Jared Goff, Dan Campbell Were Pure Class After Lions' Controversial Loss to Steelers

They took the high road instead of blaming the officiating.
Lions coach Dan Campbell and quarterback Jared Goff blamed themselves for the loss vs. the Steelers.
Lions coach Dan Campbell and quarterback Jared Goff blamed themselves for the loss vs. the Steelers. / David Reginek-Imagn Images

The final 30 seconds of Sunday’s Lions–Steelers game were pure chaos. Two offensive pass interference calls on Detroit negated two touchdown scores that could’ve won the Lions the game.
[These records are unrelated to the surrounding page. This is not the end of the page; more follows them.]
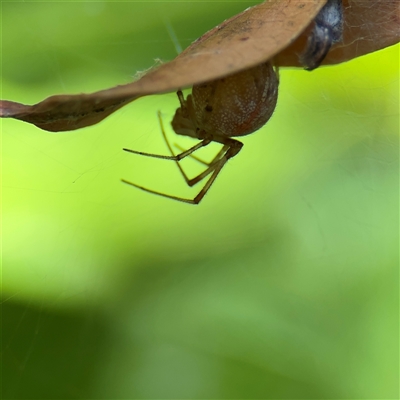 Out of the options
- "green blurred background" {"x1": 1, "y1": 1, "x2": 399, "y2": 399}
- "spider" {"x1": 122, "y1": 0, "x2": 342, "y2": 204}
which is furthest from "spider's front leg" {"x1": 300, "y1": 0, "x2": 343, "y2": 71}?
"green blurred background" {"x1": 1, "y1": 1, "x2": 399, "y2": 399}

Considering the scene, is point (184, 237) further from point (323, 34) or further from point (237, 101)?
point (323, 34)

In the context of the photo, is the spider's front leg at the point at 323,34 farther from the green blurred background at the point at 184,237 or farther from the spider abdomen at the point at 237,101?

The first call was made on Isaac TeSlaa, calling back a one-yard touchdown pass caught by Amon-Ra St. Brown. The receiver then was the cause for the second touchdown being negated. With eight seconds remaining, quarterback Jared Goff threw a pass to St. Brown, who didn’t make it across the goal line, so then he lateraled the ball back to Goff, who did score a touchdown. However, referees called offensive pass interference on St. Brown, negating Goff’s score. The Steelers won 29–24 in a nail-biting victory.
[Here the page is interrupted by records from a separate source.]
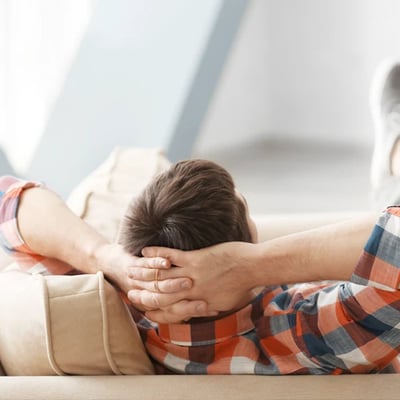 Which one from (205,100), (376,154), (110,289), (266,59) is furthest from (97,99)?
(110,289)

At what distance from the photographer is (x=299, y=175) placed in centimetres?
439

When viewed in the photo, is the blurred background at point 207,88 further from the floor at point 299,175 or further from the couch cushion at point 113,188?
the couch cushion at point 113,188

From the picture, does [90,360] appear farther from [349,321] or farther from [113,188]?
[113,188]

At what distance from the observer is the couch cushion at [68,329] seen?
4.07 feet

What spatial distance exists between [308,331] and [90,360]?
31 centimetres

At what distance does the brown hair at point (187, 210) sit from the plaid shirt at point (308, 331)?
134mm

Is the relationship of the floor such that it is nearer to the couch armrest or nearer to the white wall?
the white wall

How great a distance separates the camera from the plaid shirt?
1127 mm

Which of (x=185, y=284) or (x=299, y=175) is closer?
(x=185, y=284)

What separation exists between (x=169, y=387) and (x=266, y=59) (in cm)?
406

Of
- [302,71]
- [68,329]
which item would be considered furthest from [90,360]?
[302,71]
The Lions could’ve easily jumped into their post-game press conferences and criticized these calls by the officials. However, coach Dan Campbell and Goff chose to take the high road and blamed themselves for the loss, not the refs.
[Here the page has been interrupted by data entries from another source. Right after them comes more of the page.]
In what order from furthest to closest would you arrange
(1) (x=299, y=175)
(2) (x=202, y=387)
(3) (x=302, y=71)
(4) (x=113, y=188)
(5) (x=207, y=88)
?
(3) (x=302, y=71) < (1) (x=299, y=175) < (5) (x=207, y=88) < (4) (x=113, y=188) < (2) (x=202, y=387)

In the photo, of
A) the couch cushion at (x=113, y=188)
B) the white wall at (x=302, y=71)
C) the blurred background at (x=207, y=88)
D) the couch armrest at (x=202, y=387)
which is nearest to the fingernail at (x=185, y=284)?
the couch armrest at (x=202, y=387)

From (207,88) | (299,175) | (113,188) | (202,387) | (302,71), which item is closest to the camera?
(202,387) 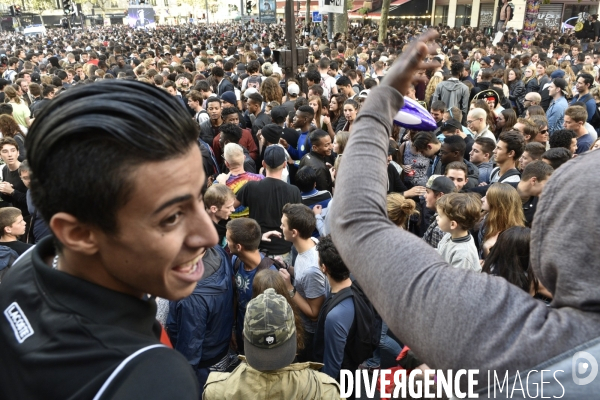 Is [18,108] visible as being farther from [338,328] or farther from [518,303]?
[518,303]

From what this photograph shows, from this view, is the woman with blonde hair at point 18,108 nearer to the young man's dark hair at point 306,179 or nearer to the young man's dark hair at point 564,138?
the young man's dark hair at point 306,179

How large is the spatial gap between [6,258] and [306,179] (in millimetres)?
2716

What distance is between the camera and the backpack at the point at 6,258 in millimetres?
3377

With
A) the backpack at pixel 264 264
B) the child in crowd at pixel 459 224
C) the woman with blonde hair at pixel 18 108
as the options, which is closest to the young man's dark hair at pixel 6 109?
the woman with blonde hair at pixel 18 108

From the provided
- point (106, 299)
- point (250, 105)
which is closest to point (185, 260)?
point (106, 299)

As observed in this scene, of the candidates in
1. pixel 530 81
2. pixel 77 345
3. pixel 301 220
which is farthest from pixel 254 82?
pixel 77 345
“We weren’t able to close it out. And at the end of the day, that’s on us,” Campbell said. “We did that. We’re the ones who put ourselves in that position to where we had to try to score on the last play.

“You can’t feel sorry for yourself. It doesn’t mean it doesn’t sting, it doesn’t feel bad. But we have nobody to blame but ourselves. It’s on us. And it’s also on us to finish. We’ve got two to go.”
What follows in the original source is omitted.